In 2015 the UK was the fastest growing bio-methane market in the world, and a report produced by the UK’s Renewable Energy Association earlier this year found that 84% of people would like to use bio-methane in their homes.
The government has said that bio-methane-to-grid technology “is a key renewable technology that has the potential to make a significant contribution to the UK’s 2020 renewable energy commitments.”
This renewable gas is produced from food waste, sewage sludges and even specially grown energy crops through a process known as anaerobic digestion (AD). However, the bio-methane generated through this process will not have a high enough calorific value to be injected directly into the gas grid.
In order to ensure that it reaches the required quality standards and that customers get the energy that they paid for it is ‘spiked’ with LPG, which has a higher calorific value.
Calor gas has already been used by cheese producer Wyke Farms at its site in Bruton, Somerset, which converts 75,000 tonnes of biodegradable waste per year into renewable gas that is blended with LPG before being sold to the National Grid.
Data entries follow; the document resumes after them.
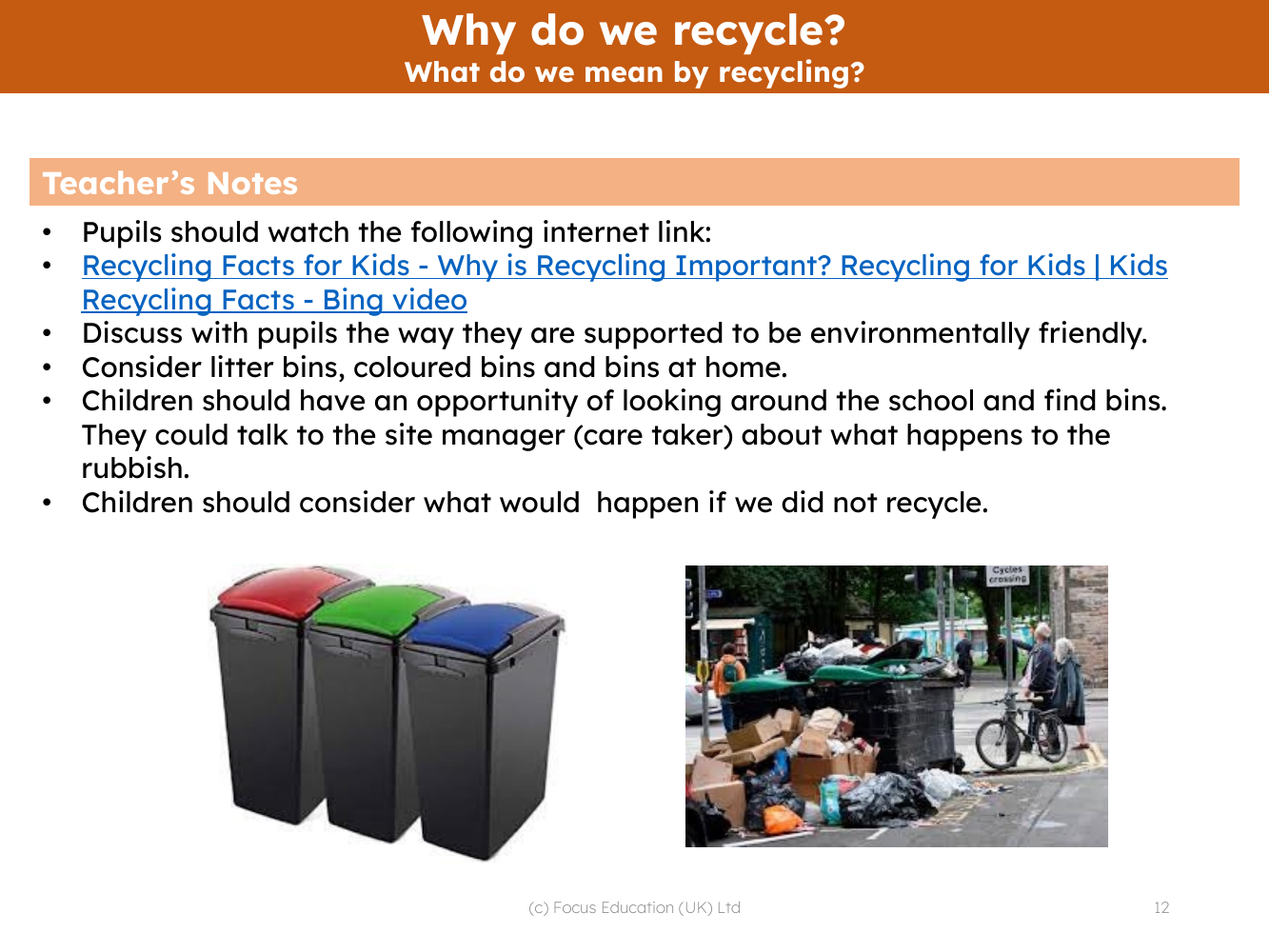 What do we mean by Recycling? - Teacher's notes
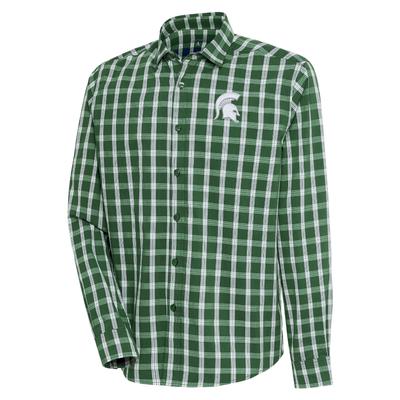 Michigan State Antigua Carry Long Sleeve Woven Shirt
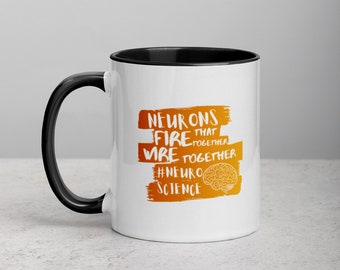 Neuronen, die zusammen abfeuern Wire Wire Together Neurowissenschaftliche biologische Becher mit Farbe nach innen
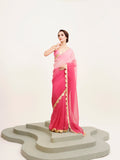 Pink Ombre Sequinned Lace Pure Chiffon Saree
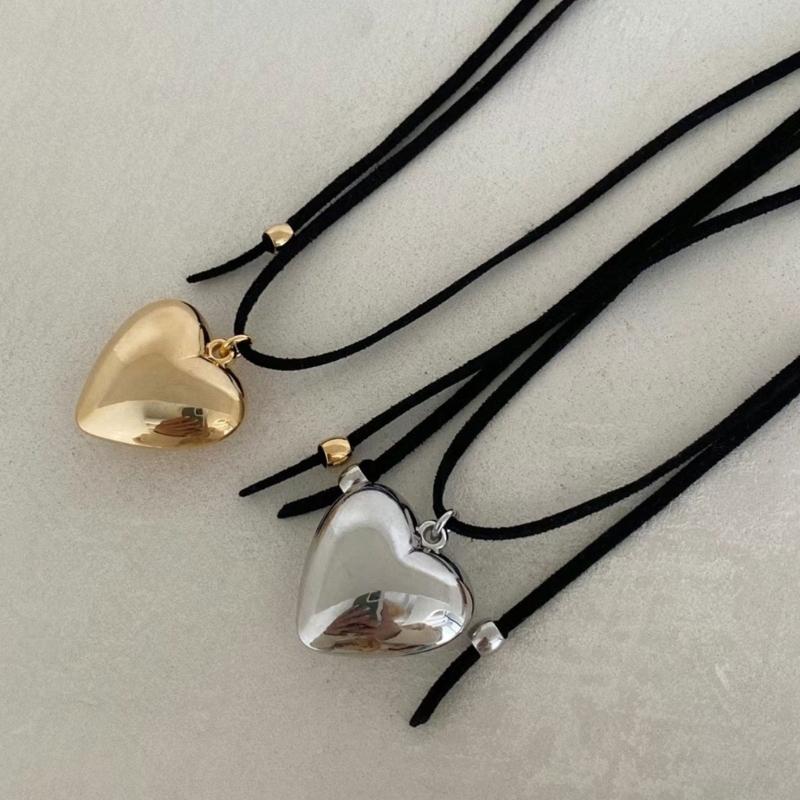 Heart Pendant Collar Necklace Long Rope Bow-Tie Choker Necklace Fashion Jewelry Neck Tie Clavicle Chain Necklace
Welsh Water (Dwr Cymru) also used LPG from Calor to boost the energy content of bio-methane produced from sewage at its Five Fords plant.
As more and more companies look to turn waste products such as food residue and sewage into a revenue stream, the importance of LPG to this source of renewable power and heat looks set to grow and grow.
Ken Davies, bio-methane expert at Calor says: “We’re proud that Calor gas has such a vital role to play in the growth of this important energy source. We deliver a reliable and highly trusted service that allows our customers to provide the communities around them with affordable, renewable gas.
“LPG has the lowest carbon emissions of all off-grid fossil fuels, and as such makes the perfect partner fuel for supporting renewable technologies.”